Write More, Worse

November 22, 2023

Writing advances thinking

I write a lot. Personally, I journal extensively to make sense of the world and my place in it. Professionally, I take copious notes throughout the workday and utilize shared documents to clarify positions and drive alignment. Writing is one of my most powerful “secret weapons,” and when product managers ask me for tips on how to improve their craft, I often tell them step one is to write more. (Step two is to write better)

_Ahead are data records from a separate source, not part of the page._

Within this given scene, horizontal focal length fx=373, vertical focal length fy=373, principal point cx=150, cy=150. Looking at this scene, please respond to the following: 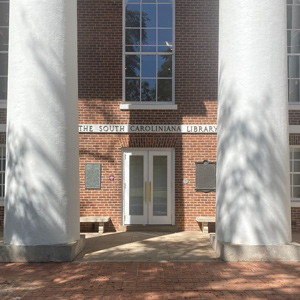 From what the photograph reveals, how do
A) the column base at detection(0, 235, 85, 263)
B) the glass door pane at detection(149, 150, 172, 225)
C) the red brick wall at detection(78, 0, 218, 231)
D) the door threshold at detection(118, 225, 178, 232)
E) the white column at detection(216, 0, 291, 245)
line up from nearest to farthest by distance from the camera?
1. the column base at detection(0, 235, 85, 263)
2. the white column at detection(216, 0, 291, 245)
3. the door threshold at detection(118, 225, 178, 232)
4. the red brick wall at detection(78, 0, 218, 231)
5. the glass door pane at detection(149, 150, 172, 225)

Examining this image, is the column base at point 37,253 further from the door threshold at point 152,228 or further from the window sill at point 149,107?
the window sill at point 149,107

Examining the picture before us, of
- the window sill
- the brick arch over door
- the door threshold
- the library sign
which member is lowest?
the door threshold

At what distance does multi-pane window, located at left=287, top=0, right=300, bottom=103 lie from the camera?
1155 centimetres

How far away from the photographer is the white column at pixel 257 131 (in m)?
7.55

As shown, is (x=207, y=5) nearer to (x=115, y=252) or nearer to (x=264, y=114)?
(x=264, y=114)

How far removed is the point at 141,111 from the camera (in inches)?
440

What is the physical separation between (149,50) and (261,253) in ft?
22.6

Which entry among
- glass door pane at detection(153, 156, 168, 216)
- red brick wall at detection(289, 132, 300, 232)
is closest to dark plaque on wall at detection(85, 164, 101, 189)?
glass door pane at detection(153, 156, 168, 216)

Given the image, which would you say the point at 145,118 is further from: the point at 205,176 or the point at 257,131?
the point at 257,131

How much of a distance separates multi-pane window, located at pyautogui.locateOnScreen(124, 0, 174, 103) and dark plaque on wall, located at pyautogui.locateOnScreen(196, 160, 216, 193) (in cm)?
225

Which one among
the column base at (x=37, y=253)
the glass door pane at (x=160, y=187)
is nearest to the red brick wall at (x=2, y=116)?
the glass door pane at (x=160, y=187)

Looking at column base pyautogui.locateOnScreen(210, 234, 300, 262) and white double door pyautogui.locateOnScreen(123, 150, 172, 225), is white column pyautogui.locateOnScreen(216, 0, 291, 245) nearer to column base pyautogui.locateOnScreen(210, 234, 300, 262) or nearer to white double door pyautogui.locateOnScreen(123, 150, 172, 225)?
column base pyautogui.locateOnScreen(210, 234, 300, 262)

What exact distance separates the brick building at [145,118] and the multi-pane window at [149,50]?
0.10ft

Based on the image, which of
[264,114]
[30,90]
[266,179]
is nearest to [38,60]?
[30,90] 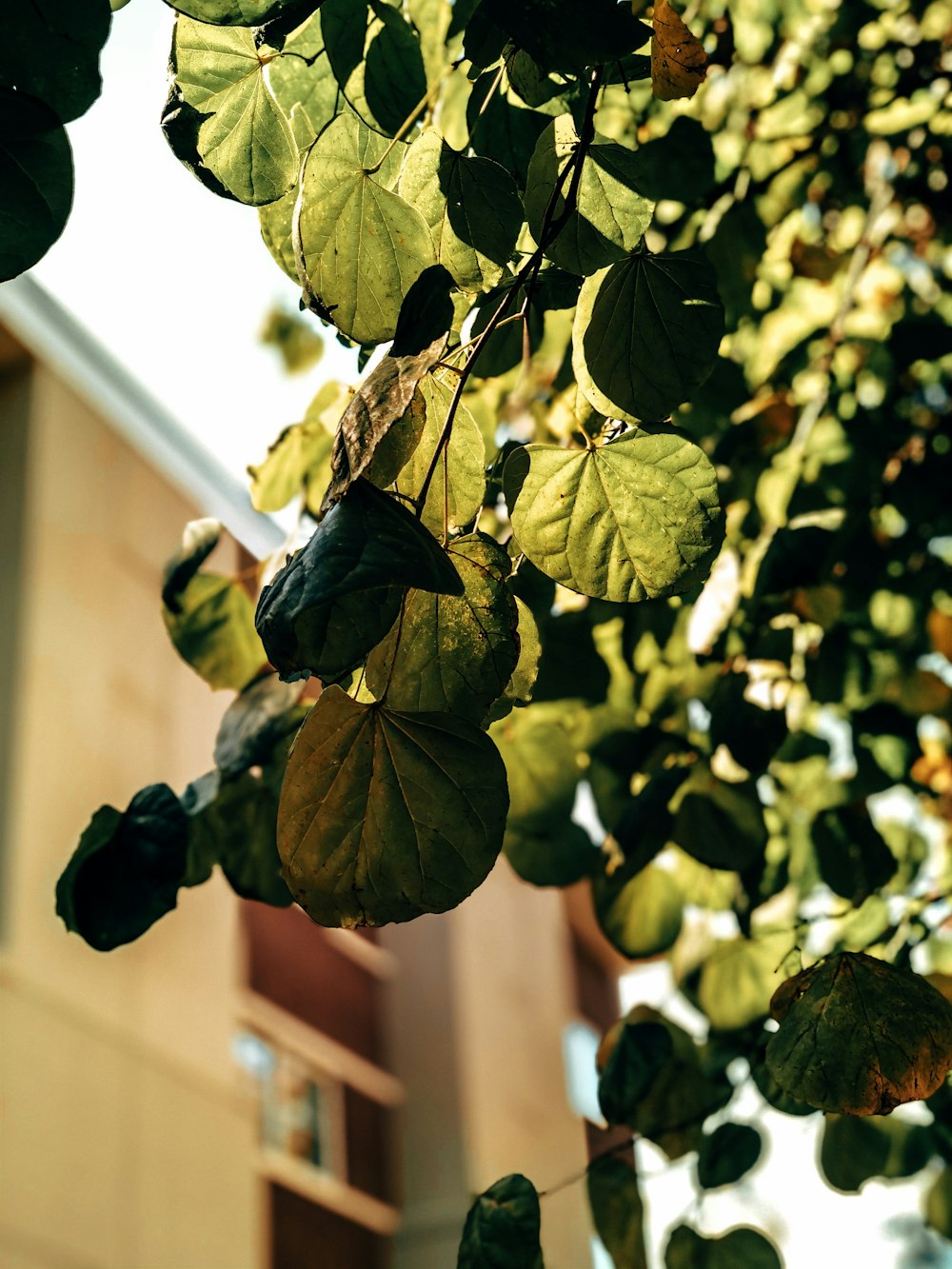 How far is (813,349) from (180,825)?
979 mm

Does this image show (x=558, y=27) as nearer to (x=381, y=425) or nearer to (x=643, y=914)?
(x=381, y=425)

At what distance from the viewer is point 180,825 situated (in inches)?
31.7

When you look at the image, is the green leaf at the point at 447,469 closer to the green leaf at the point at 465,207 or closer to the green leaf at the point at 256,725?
the green leaf at the point at 465,207

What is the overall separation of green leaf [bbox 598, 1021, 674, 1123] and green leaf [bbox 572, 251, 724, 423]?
556mm

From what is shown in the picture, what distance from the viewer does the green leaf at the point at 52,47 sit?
1.61 feet

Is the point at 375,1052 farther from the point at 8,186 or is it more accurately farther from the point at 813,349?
the point at 8,186

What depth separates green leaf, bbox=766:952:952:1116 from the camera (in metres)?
0.58

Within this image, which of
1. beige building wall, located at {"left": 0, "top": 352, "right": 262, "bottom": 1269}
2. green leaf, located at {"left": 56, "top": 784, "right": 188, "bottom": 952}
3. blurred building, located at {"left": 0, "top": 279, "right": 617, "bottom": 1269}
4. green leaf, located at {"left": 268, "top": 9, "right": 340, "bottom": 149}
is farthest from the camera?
blurred building, located at {"left": 0, "top": 279, "right": 617, "bottom": 1269}

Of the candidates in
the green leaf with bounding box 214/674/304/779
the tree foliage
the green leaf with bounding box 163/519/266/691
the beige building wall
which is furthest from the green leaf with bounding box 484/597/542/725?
the beige building wall

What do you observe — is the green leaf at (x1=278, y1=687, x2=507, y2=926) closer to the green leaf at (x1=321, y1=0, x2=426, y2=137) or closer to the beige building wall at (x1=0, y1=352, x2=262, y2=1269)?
the green leaf at (x1=321, y1=0, x2=426, y2=137)

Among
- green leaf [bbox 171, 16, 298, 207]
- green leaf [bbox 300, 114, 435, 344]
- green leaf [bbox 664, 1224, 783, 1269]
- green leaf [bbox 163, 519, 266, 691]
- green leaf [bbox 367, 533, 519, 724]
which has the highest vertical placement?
green leaf [bbox 171, 16, 298, 207]

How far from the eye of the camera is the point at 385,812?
0.51 m

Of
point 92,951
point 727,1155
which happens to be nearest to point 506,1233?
point 727,1155

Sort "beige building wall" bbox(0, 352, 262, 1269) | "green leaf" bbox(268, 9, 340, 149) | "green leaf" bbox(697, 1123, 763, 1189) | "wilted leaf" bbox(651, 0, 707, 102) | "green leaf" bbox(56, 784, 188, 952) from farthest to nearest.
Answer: "beige building wall" bbox(0, 352, 262, 1269) → "green leaf" bbox(697, 1123, 763, 1189) → "green leaf" bbox(56, 784, 188, 952) → "green leaf" bbox(268, 9, 340, 149) → "wilted leaf" bbox(651, 0, 707, 102) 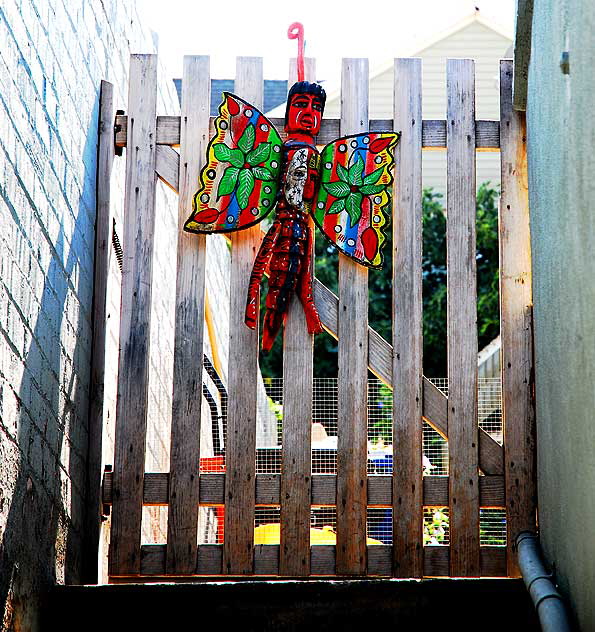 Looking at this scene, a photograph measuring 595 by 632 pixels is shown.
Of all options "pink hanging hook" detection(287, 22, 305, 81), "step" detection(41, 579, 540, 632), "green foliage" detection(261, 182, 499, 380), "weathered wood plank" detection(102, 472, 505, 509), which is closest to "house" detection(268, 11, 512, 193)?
"green foliage" detection(261, 182, 499, 380)

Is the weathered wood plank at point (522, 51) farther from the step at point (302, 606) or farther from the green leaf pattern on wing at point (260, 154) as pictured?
the step at point (302, 606)

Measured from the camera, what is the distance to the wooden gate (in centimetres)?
411

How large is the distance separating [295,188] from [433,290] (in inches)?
331

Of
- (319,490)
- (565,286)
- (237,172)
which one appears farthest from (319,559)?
(565,286)

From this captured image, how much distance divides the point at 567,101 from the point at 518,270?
146 centimetres

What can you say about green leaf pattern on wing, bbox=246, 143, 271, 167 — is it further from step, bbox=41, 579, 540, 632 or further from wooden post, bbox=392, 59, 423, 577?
step, bbox=41, 579, 540, 632

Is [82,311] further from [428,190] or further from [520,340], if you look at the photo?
[428,190]

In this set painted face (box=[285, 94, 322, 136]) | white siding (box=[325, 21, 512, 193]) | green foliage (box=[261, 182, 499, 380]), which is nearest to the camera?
painted face (box=[285, 94, 322, 136])

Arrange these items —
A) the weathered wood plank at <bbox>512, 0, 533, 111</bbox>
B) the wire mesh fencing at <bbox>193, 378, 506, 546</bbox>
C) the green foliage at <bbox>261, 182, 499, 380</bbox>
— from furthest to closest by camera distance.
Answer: the green foliage at <bbox>261, 182, 499, 380</bbox> → the wire mesh fencing at <bbox>193, 378, 506, 546</bbox> → the weathered wood plank at <bbox>512, 0, 533, 111</bbox>

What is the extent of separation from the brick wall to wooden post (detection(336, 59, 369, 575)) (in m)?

Many industry thinkers have articulated the benefits of writing. Paul Graham wrote "a good writer will almost always discover new things in the process of writing." Deb Liu concluded "Writing things down is a simple yet powerful tool to drive more clarity, persuasion, and impact in your work and at home. It can help you achieve more by documenting the fuzzy understandings we all share, putting you more firmly on the path to alignment." Adam Grant noted "Writing isn't what you do after you have an idea. It's how you develop an inkling into an insight." David Perell put it succinctly "Read to collect the dots, write to connect them."

From David Perell
From PJ Milani

I aim to do more thinking here

Yet as a person who is privately prolific, a terrible irony is how little I publish on this blog. Used correctly, tt should be a great vehicle to develop and engage with ideas both personally and professionally.

I've always struggled to write here because I felt the posted material must be "perfect": a timeless distillation of some vetted, hard-won truth that I'll be eternally proud to have put out into the world. In retrospect, that reflects a failure to use the site as a tool for thinking; agreeing with much of my previous writing means I've taken too conservative an approach to publishing and sharing. I ought to make room for the half-baked and nascent so I can share and learn more openly with friends, family, and colleagues.

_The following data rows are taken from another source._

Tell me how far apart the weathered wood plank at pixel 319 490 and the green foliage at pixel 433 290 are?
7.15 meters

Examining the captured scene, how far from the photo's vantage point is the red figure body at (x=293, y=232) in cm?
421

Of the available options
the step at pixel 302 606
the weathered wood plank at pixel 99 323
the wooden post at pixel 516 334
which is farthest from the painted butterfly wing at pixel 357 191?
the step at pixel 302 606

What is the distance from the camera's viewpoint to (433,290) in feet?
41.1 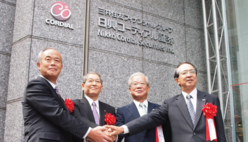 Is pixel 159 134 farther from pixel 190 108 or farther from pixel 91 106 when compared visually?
pixel 91 106

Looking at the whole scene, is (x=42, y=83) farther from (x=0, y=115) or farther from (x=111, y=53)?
(x=111, y=53)

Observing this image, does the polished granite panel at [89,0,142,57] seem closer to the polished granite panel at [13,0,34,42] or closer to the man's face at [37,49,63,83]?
the polished granite panel at [13,0,34,42]

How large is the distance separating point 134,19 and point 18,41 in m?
1.97

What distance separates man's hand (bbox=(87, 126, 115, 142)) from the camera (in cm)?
248

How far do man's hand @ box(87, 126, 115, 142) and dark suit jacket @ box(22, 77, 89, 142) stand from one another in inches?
8.3

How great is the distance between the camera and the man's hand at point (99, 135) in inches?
97.5

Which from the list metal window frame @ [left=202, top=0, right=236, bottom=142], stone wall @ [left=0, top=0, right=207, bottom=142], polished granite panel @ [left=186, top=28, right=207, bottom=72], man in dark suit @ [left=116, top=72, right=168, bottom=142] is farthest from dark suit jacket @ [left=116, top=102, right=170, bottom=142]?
polished granite panel @ [left=186, top=28, right=207, bottom=72]

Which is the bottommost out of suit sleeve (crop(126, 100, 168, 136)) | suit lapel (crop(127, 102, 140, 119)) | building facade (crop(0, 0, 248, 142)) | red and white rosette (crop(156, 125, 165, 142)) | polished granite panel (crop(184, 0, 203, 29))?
red and white rosette (crop(156, 125, 165, 142))

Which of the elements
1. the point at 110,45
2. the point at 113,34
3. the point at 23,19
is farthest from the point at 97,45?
the point at 23,19

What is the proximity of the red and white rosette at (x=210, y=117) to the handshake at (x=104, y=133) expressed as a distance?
80 centimetres

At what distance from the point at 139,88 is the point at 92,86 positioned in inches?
21.1

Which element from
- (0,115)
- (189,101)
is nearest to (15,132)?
(0,115)

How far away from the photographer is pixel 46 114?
219cm

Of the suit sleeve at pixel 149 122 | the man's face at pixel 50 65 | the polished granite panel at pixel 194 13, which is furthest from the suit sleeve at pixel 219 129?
the polished granite panel at pixel 194 13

Put another way, I need to be comfortable being more wrong, less perfect, and those two things happening in public. While I shouldn't intentionally publish falsehoods or garbage, I shouldn't be afraid to treat this as a garden for developing thoughts that will grow and evolve over time. It ought to be exciting to return and think "Huh that's a poor take. I see that differently now," as that would indicate newfound wisdom. An even better outcome will come by accelerating my learning process via others interfacing with more raw materials from my brain. In creating a tighter feedback loop, I can increase the speed of improvement as a professional, a manager, a colleague, and a citizen.

If I’m lucky, this blog will become a paper trail for these work-in-process thoughts and lead to me becoming a more considerate, well-rounded thinker.